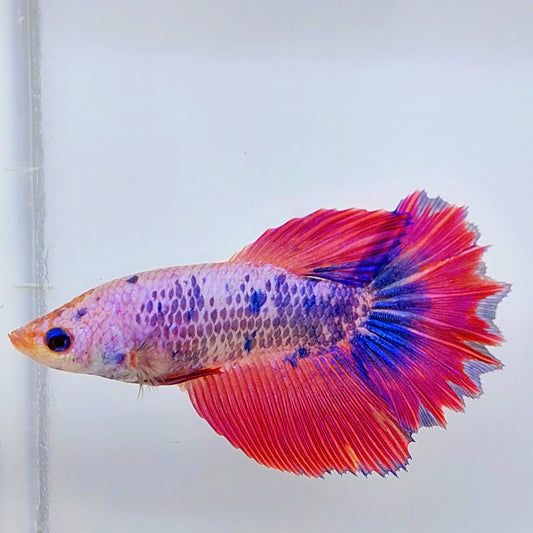 Pink Fancy Halfmoon hembra para hermandad de mujeres tanque/raza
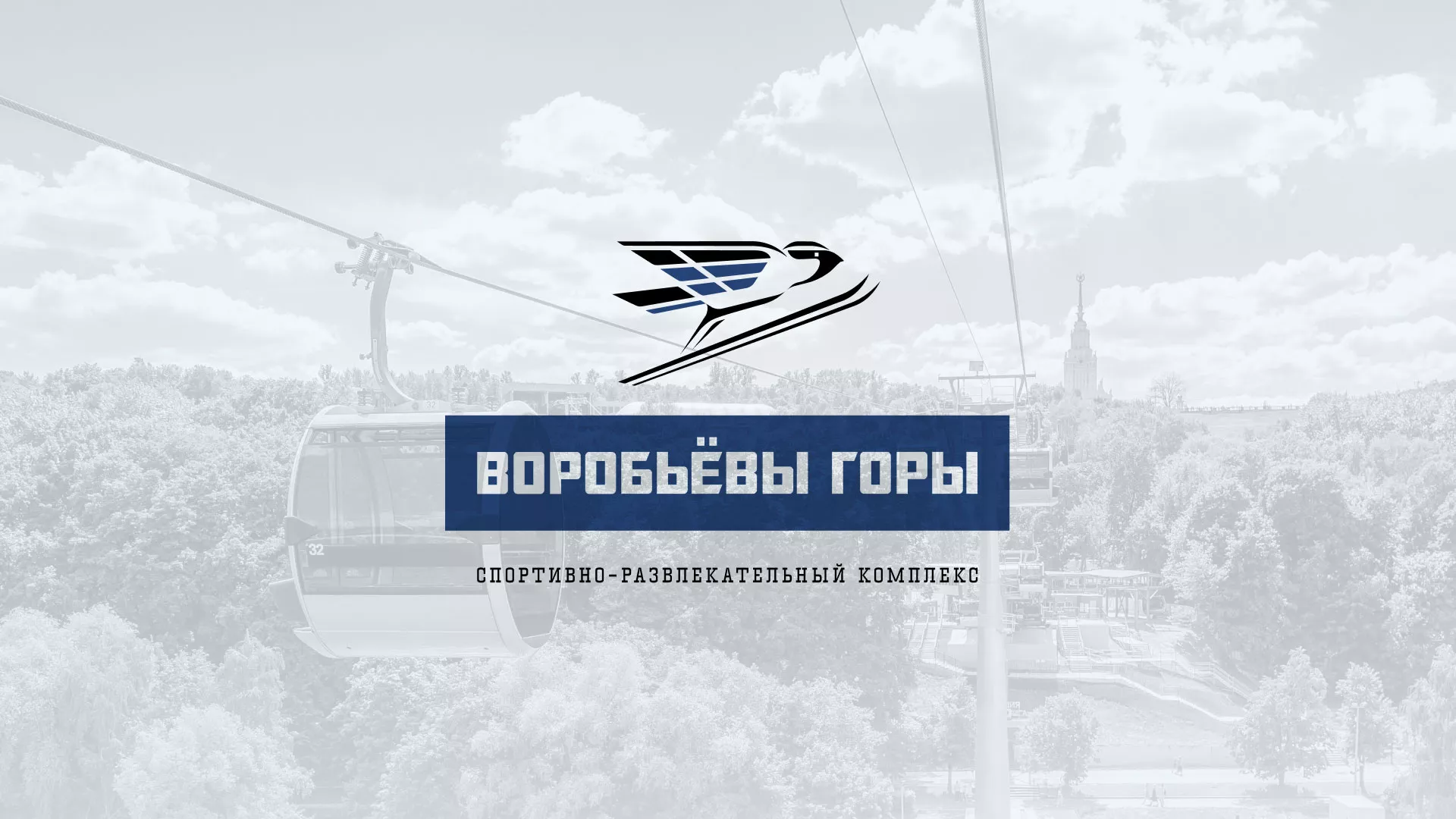 Разработка сайта в Гавриловом-Яме для спортивно-развлекательного комплекса «Воробьёвы горы»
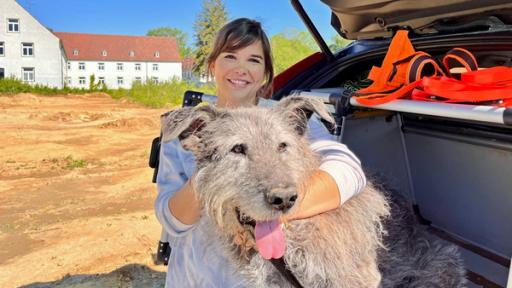 Archäologiehund | Anna lernt Archäologiehund Flintstone kennen. Dieser kann menschliche Knochen finden, die bis zu 14 Meter tief unter der Erde liegen.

#### Work order:
Print out the material word for word, omitting the pictures.

#### Finished task:
 Pink Fancy Halfmoon hembra para hermandad de mujeres tanque/raza
 Разработка сайта в Гавриловом-Яме для спортивно-развлекательного комплекса «Воробьёвы горы»
 Archäologiehund | Anna lernt Archäologiehund Flintstone kennen. Dieser kann menschliche Knochen finden, die bis zu 14 Meter tief unter der Erde liegen.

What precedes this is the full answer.